No question, the introduction of gay marriage will make Maltese history – but what kind of history? I suspect historians will see it as a flashpoint of two developments.

They will not concern themselves too much with who was on the right side of history. There is no right side to history, which has given us the judicial murders of Socrates and Jesus, and the painless death, at a ripe old age, in full comfort, of gangsters and war criminals; the long ascendancy of tyrannies and the short lives of communitarian experiments.

There is too much chance, too many mixed motives, and too many contradictory consequences. Even when it comes to the history of the family, talk about the right side of history is best left to politicians who want to vaunt their vanity and ignorance.

The historians’ attention will be drawn to two more concrete areas. First, there are the means of persuasion. The introduction of gay marriage will be seen as a milestone in the establishment of a liberal ideology in Maltese public culture: what can be said, what can’t, what goes without saying.

Secondly, there is the formal political system. In principle, it’s a parliamentary democracy following the Westminster model. However, the debate preceding the law passed yesterday has seen various aspects of the Westminster model undermined.

That’s to say, the debate revealed either a dismissal or an ignoring or simple ignorance of certain basic features of the Westminster model. Both by some of the politicians and the public.

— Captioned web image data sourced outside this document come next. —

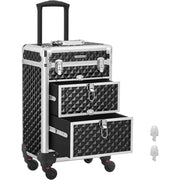 Kosmetikkoffer Trolley mit Schubladen Schwarz von Songmics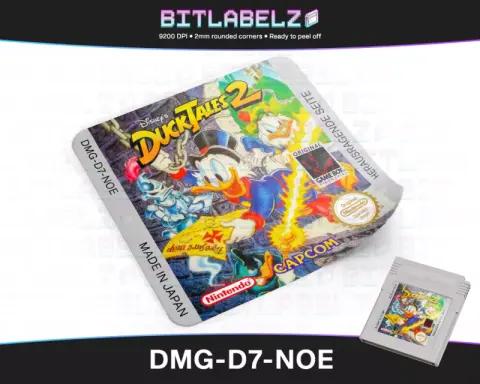 Duck Tales 2 - Etichetta Game Boy [DMG-D7-NOE]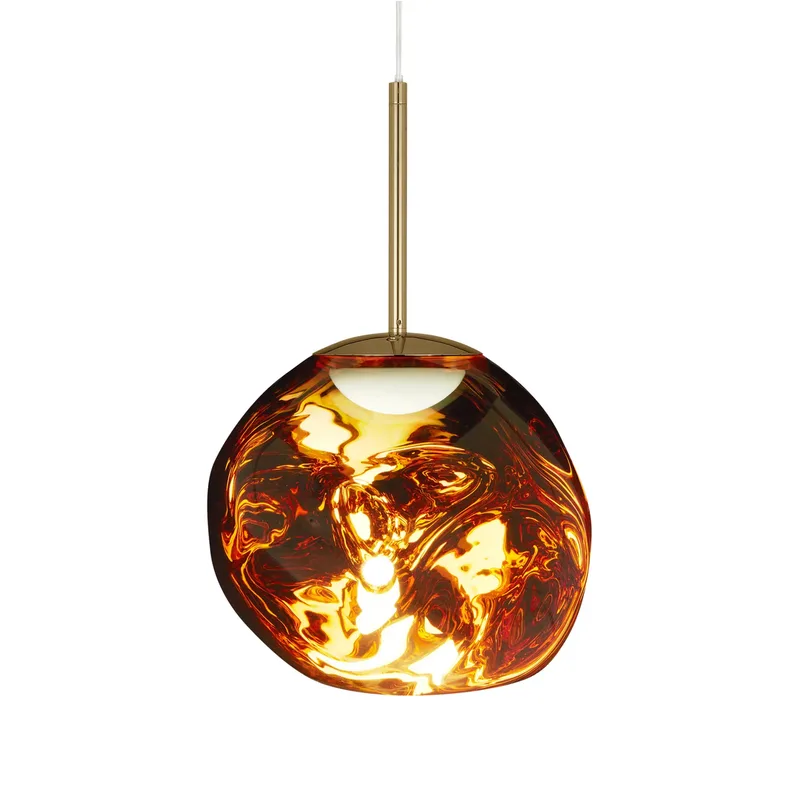 Melt Pendelleuchte mini LED Gold von Tom Dixon – Produktfoto
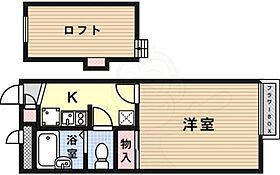 大阪府高槻市南平台１丁目1番19号（賃貸アパート1K・1階・19.87㎡） その2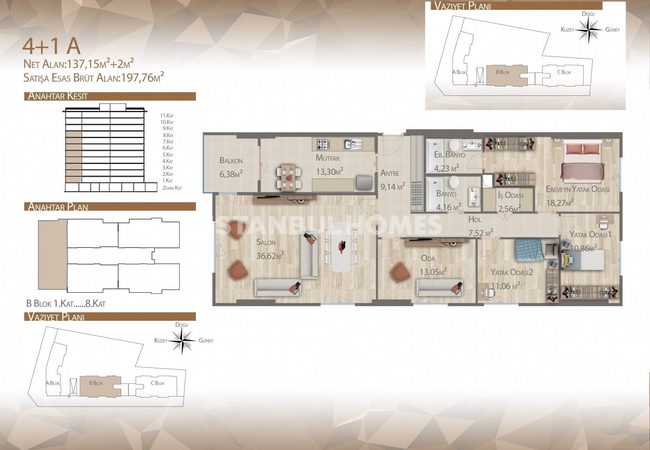 Apartments in a Complex with Swimming Pool in Istanbul 22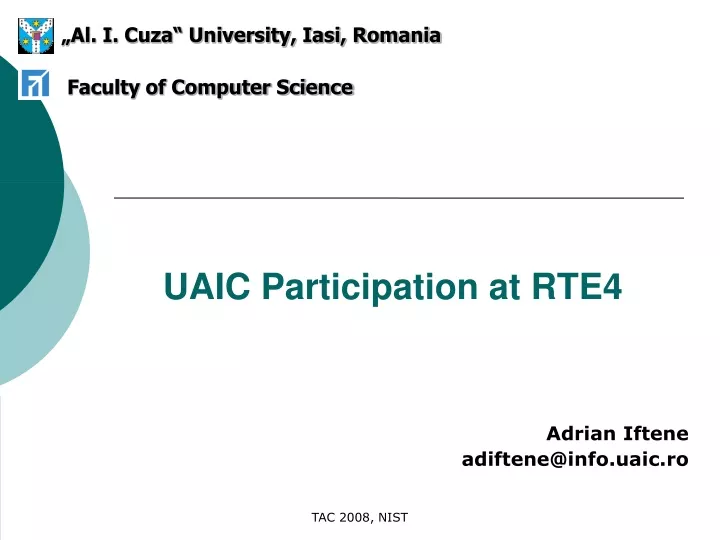 adrian iftene adiftene@info uaic ro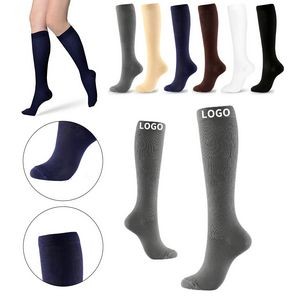 Solid Color Nylon Compression Socks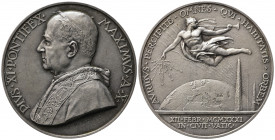 ROMA. Pio XI (1922-1939). Medaglia "Stazione Radio Vaticana" anno X. Ag (39,5 g - 44 mm) Opus Mistruzzi. Bart. E931. qFDC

And here’s the interesting bit. The people undermining the Westminster model included those who were appealing to its virtues – its protection of diverging opinions and an environment of loyal dissent.

It’s not unusual for a political system to be unwittingly undermined by its very supporters. If Malta’s transformation to an institutionalised populist system continues, future historians may well find that the gay marriage debate serves to show how it happened.

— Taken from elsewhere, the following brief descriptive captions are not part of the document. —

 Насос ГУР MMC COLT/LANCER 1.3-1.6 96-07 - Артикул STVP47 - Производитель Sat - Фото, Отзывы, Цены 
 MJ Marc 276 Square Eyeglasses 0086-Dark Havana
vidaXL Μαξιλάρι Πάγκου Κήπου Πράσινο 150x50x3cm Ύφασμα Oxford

First up, they will note the unwitting undermining of electoral platforms.

When the opponents of gay marriage, in principle, dismiss the Nationalist Party’s electoral commitment, they say that that promise was not thoroughly discussed and that its approval was a rubber-stamp in the full throes of an electoral campaign.

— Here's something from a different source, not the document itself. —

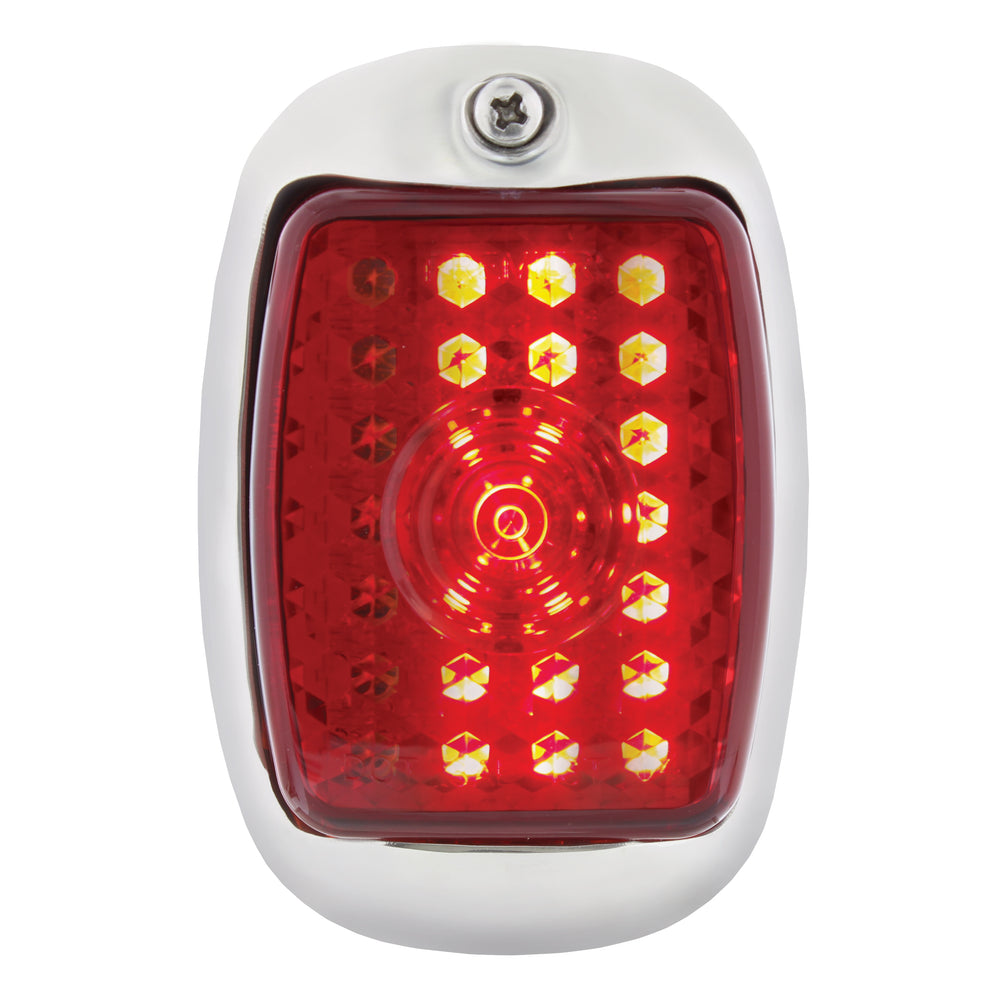 27 LED Sequential Tail Light Assembly With Black Housing For 1940-53 Chevy & GMC Truck - L/H - View 2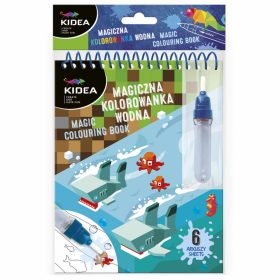   Festés vízzel, game, Minecraft mintás, Kidea mágikus színező, 15x19cm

That may well be. But if that argument persists, it will simply mean this: it will be impossible for voters in the future to know whether the PN is actually bound by an electoral promise, unless they find out just how thoroughly an issue was debated.

Otherwise, the electoral programme might as well be written on water.

We’re already there with Labour, where meritocratic, environmentalist, and transparency mean whatever Joseph Muscat wants them to mean. And we were on the way there with past PN governments.

If electoral promises don’t count, what does? The leader. And your access to him and his willingness, or calculation, in listening to you.

The programme is substituted by the man. A secular instance of the word made flesh. And, of course, political cults of personality, rather than parliamentary democracy. Next come the confusion – deliberate or otherwise – about parliamentary procedure.

We have a system built to permit – for lack of a better term – adversarial collaboration. Or simply a system that permits both divergence and convergence to be expressed clearly. This is the system of the different readings through which a law passes. The first reading is (usually) simply a reading of the text of the proposed legislation.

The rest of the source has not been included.